◆ **PROBLEM DESCRIPTION**: Your answer should repeat the entries in full, exactly as given, with no pictures.

◆ **TASK MATERIAL**:
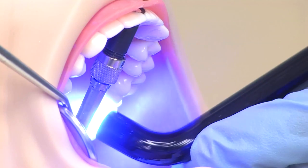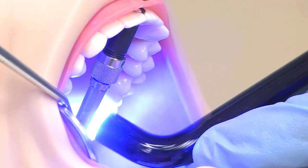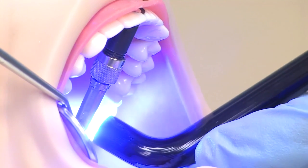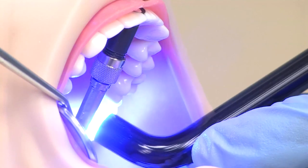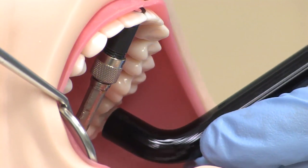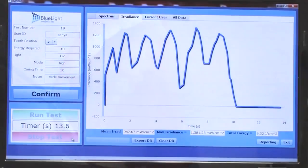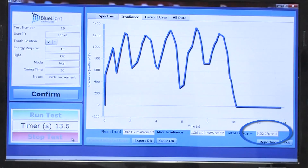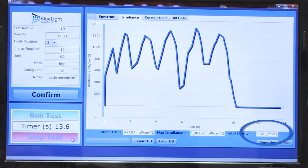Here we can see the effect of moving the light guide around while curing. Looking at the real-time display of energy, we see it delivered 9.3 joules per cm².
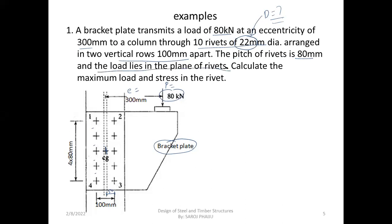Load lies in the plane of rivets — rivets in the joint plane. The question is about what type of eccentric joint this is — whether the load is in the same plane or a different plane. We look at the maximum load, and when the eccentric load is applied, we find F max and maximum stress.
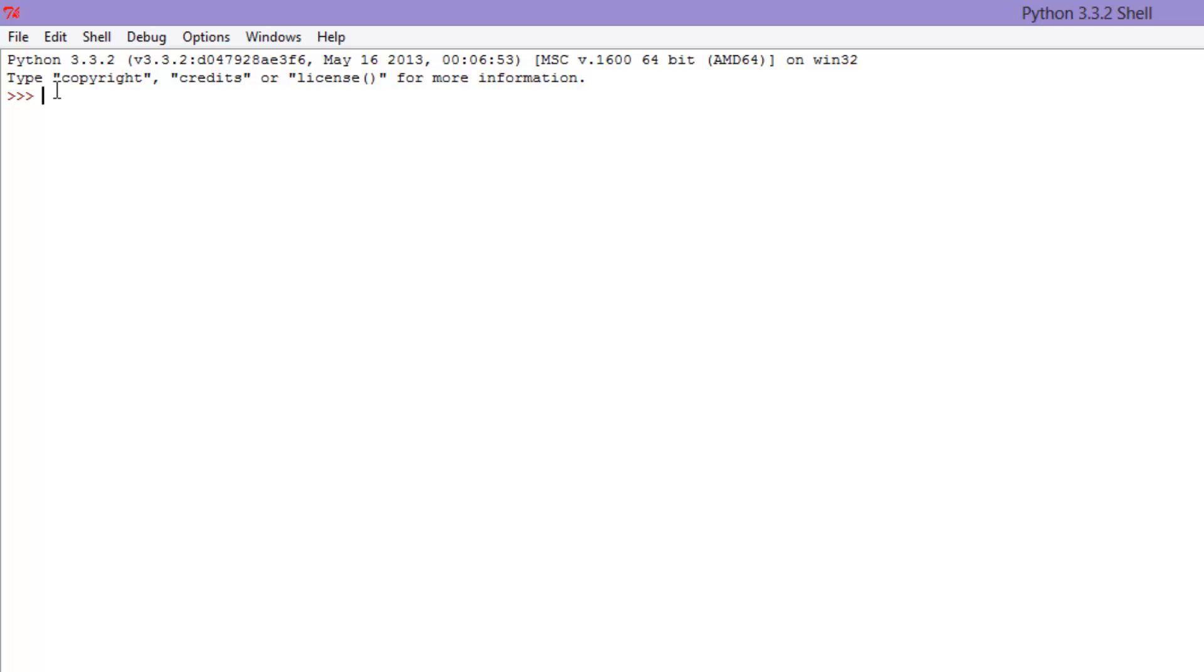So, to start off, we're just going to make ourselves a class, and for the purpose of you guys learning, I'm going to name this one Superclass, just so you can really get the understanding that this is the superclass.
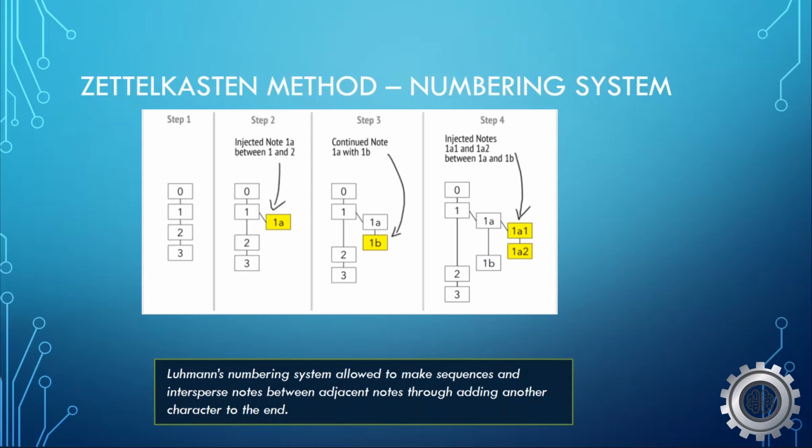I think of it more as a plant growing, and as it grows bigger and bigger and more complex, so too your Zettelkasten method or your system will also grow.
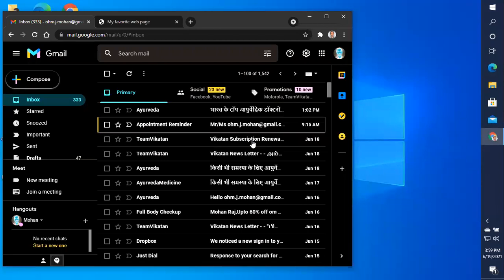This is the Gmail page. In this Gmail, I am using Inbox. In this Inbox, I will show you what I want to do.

◆ **SOLUTION TO THE PROBLEM**:
Here we can see the effect of moving the light guide around while curing. Looking at the real-time display of energy, we see it delivered 9.3 joules per cm².
Load lies in the plane of rivets — rivets in the joint plane. The question is about what type of eccentric joint this is — whether the load is in the same plane or a different plane. We look at the maximum load, and when the eccentric load is applied, we find F max and maximum stress.
So, to start off, we're just going to make ourselves a class, and for the purpose of you guys learning, I'm going to name this one Superclass, just so you can really get the understanding that this is the superclass.
I think of it more as a plant growing, and as it grows bigger and bigger and more complex, so too your Zettelkasten method or your system will also grow.
This is the Gmail page. In this Gmail, I am using Inbox. In this Inbox, I will show you what I want to do.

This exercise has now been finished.